We're sorry Aspose doesn't work properply without JavaScript enabled.

Free Support Forum - aspose.com

ParagraphAbsorber not returning all whitespace

I am using Aspose.PDF to extract the text from a PDF using ParagraphAbsorber, however it does not appear to return all of the relevant whitespace, such as spaces between words.

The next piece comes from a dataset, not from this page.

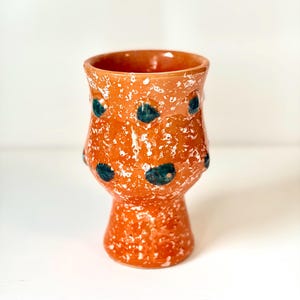 May include: A handmade ceramic vase with a speckled orange glaze and dark teal polka dots. The vase has a wide top, a bulbous midsection, and a pedestal base. The white speckles add texture and visual interest to the piece.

The following code is similar to the code we are using in our project to walk through a PDF document Page by Page, then using ParagraphAbsorber extract the text (and eventually formatting changes) from the Page:

             InputStream stream = new FileInputStream("test-documents/simpleWithFormattingChanges.pdf");
             InputStream stream_2 = new FileInputStream("test-documents/multipleParagraphsNoFormattingChanges.pdf");
	
	Document doc = new Document(stream);
	
	PageCollection pages = doc.getPages();
	for (Page page : pages) {
		ParagraphAbsorber paragrapAbsorber = new ParagraphAbsorber();			
		paragrapAbsorber.visit(page);
		List<PageMarkup> markups = paragrapAbsorber.getPageMarkups();
		for(PageMarkup markup : markups) {
			List<MarkupSection> sections = markup.getSections();
			for (MarkupSection section : sections) {
				List<MarkupParagraph> paragraphs = section.getParagraphs();
				for (MarkupParagraph paragraph : paragraphs) {
					List<l0t<TextFragment>> lines = paragraph.getLines();
					for (l0t<TextFragment> line : lines) {
						for (int i = 0; i < line.size(); i++) {
							TextFragment fragment = line.get(i);
							System.out.print(fragment.getText());
						}
						System.out.println();
					}					
				}
			}
		}
	}

This is the result of using the file with formatting changes:

First paragraph is plain.
Second paragraph has different font.
Third paragraphhas different font sizes.
Fourth paragraph has bold, underlineand italics.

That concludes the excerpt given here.